O Gerci era menino sem família. Largado, como se dizia. A tal irmã, já moça, bonita, como ainda me lembro dos olhares infantis que lhe reservei, morava na casa de uma tia de meu pai. Andou me dando uns banhos em situações vexatórias, para a pouca idade que tinha, por ocasião de uma dor de barriga, em dia de festa, com muita gente por perto. Dela, que eu sabia ser irmã do meu companheiro, só me recordo da bondade e da beleza. Não sei do resto de sua vida, nem que fim levou, certamente, nos braços de algum instinto mais sôfrego e apessoado, carregando-a de filhos e de cuidados.
Outra lembrança que desencavo do fundo do tempo, foi a história de retirada de esterco do curral das vacas.
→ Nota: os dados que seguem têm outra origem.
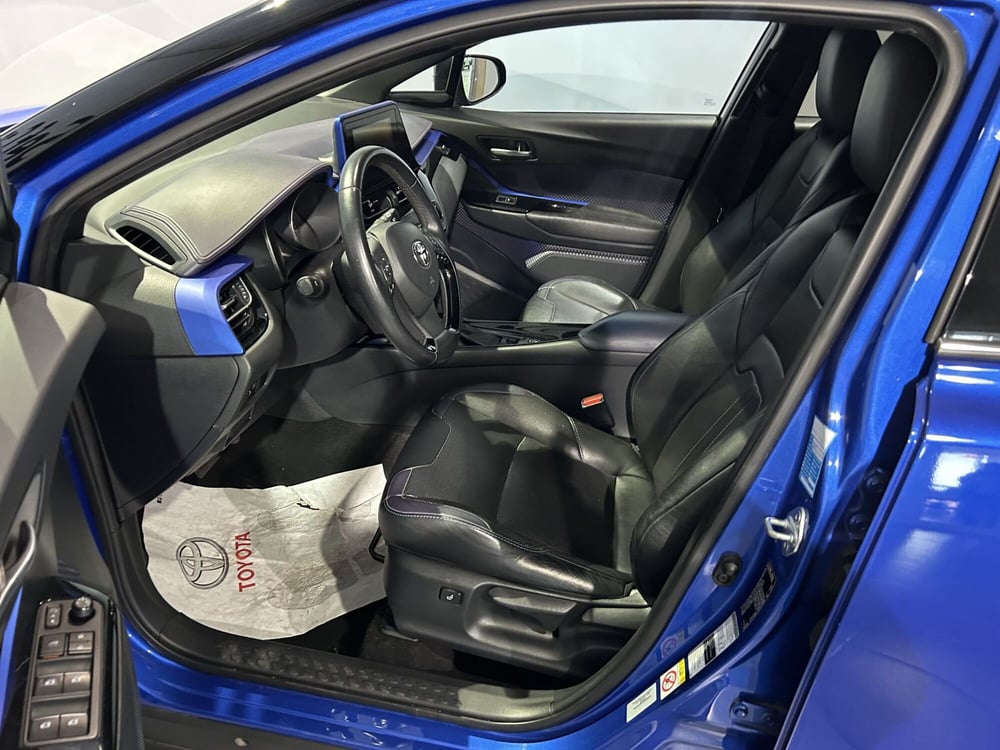 Toyota Toyota C-HR usata a Milano (12)
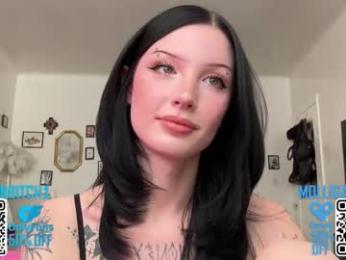 evelynforever — 在 chaturbate 直播的网络摄像头模特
Essa já não vem do Brejo Comprido, mas dos socavões da Serra Feia, para uns, ou da Picada, para outros, lugar onde meu pai tinha umas terras mais frescas, para descanso dos descampados, Na inclemência do sol, do Chapadão só retirava o sustento das vacas, quando ateava fogo nos campos, para o aproveito das queimadas. O broto verdinho do capim macega, suculento, misturado às cinzas, parecia deleitar sobremaneira as criações. A delícia daquelas primícias, misturadas com o potássio, dava-lhes peso, anca arredonda e pelagem lustrosa, mesmo se (como nada vem, assim, gratuitamente), algumas delas exagerassem na dosagem da ruminação e lambuzassem as redondezas do rabo, ao espalharem os restantes moles do capim recém-digerido. Mas é, assim, que os bichos crescem e alimentam de diversos modos os seres humanos.
A ordem de serviço para o Gerci, muitas vezes, era ajuntar o esterco seco das vacas que ia se acumulando no curral, e transportá-lo, sobre um couro velho de vaca, até o quintal, onde, por si só, se espalhava para o saciar das plantas úteis e inúteis. O processo era rudimentar, pois não se dispunha de carroças ou carrocinhas, de espécie alguma. Agarrávamos na aba mais saliente do couro, e, de costas, íamos arrastando continente e o conteúdo até o destino, cada vez mais afastado, já que comecávamos pelo caminho mais curto.  O Gerci, em garantia de poder brincar comigo, depois das tarefas cumpridas, impunha condição de ajudá-lo na empreitada. Naquela idade, com muita certeza, minha ajuda devia ser pouca, mas, como já se disse, trabalho de menino, por menor que seja, nem bobo enjeita.
O esterco seco, em tempos de vento, próprios do período da estiagem, fazia redemoinhos e entrava pelos buracos mais expostos do corpo, olhos, ouvidos, narinas, boca, garganta, e endurecia cabelos, cílios e supercílios. Minha mãe vivia repetindo que não vencia tirar poeira de esterco de sobre os móveis, camas e utensílios de cozinha. Também, do chão batido do rancho de pau-a-pique, esburacado, com o destorrôo natural da terra, por ação da  vassoura, durante as várias varridas da casa. A poeira levantava, apesar das borrifadas de água, para irritar-nos os olhos. O pó de capim moído, na mó dos dentes bovinos, entrava por todos os buracos do rancho, deixados pela queda do reboco de barro cru. Intervalos de telhas, portas e janelas deixavam passar canudos de luz misturados  a pó de estrume.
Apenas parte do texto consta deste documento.